You have decreased mental arousal. Normal sleep. Streamlined thinking. Emotional responsiveness will increase. The state of anxiety and fear will disappear or decrease significantly. Increase concentration. Hallucinations and delirium will disappear or the duration and intensity of their attacks will be reduced. Reduced risk of relapse. Efficiency of the taken medicines will increase.
Powerful and effective treatment with the device Neuroditor will quickly eliminate the clinical manifestations of the disease, localize the nidus of the onset of pathologies, and reduce the dose of drugs. This will allow you to live a full life and forget about your illness forever. You will restore your lost ability to work and socialize and return to a lifestyle that led to the first signs of illness.
There are general prerequisites underlying depressions, both related to a stressful situation and developing for no apparent reason. In the science of the “soul of man,” particularities of thinking and typical personality traits are known, contributing to the emergence of depressive ideas and their fixation in thinking.
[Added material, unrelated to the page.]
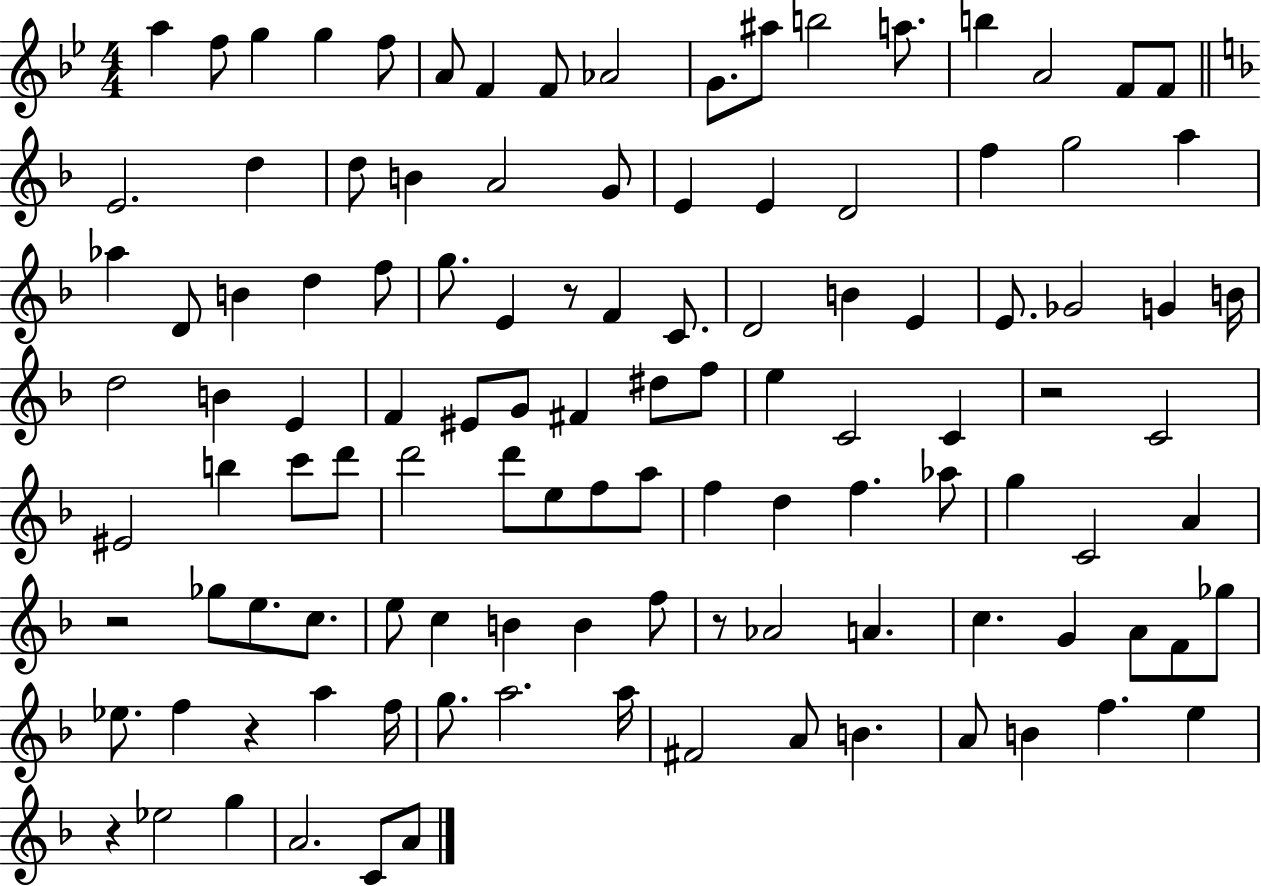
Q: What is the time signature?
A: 4/4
Scientists have noticed that the majority of patients with depression before the illness had marked personal anxiety. Such people are sensitive in their relations with others, they subtly notice non-acceptance, rejection, are jealous of the attention of their loved ones. Since childhood, they may be timid and worry more in meaningful situations than their peers (for example, the answer at the blackboard at school, during exams). The experience of failures or grievances such individuals long stored in the memory.
With such a particular way of thinking, it is called ruminative, – thoughts about an unpleasant event spin in the head and the person longer than normal is fixed on what has been experienced.
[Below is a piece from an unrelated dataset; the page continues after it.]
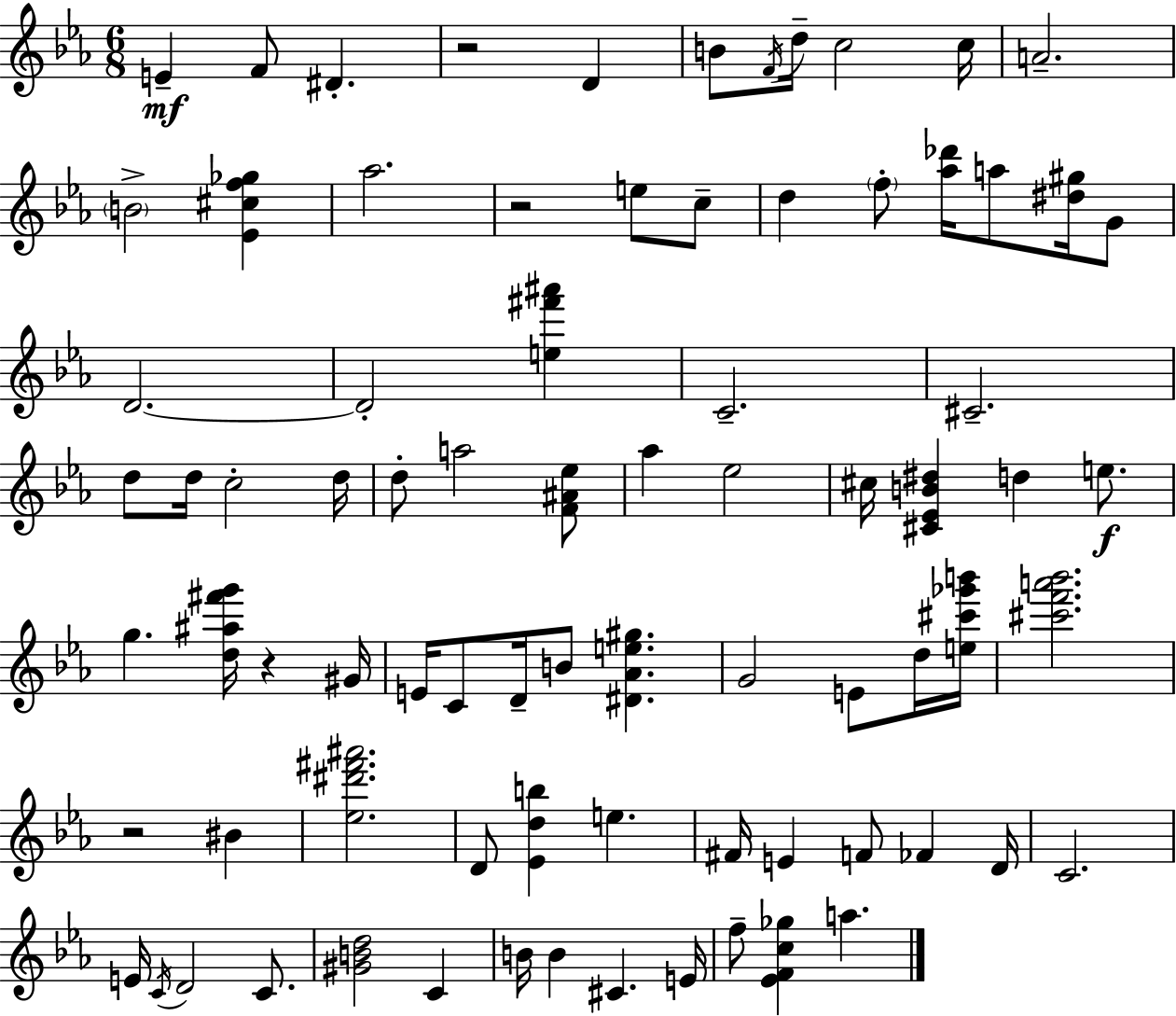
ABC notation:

The big fixation on the negative leads such people to the fact that they are trying to protect themselves and, as a rule, plan their day ahead. Where they go, what and how they will say or do – everything is repeatedly scrolled in the head and fixed in the “correct” order. Often they pre-write the to-do list and try to follow it clearly.
Avoiding all sorts of dangers contributes to the formation of a limited view of yourself and people (thinking “as if that didn’t work out”) hinders healthy learning, when a person is normal, getting into certain life situations, gets experience and knowledge, allows herself to develop further. Of course, this increases the risk of developing depression, when such a person finds himself in a situation to which he is not fundamentally ready.
Hence another characteristic feature – a special rigidity of thinking, which causes difficulties of unexpected switching from one business to another, because the latter is not included in the “plans”, is unfamiliar and alarming. This, incidentally, is associated with irritability over trifles, well known to the close circle of people with a similar character. Hot temper, grumbling is a direct continuation of anxiety.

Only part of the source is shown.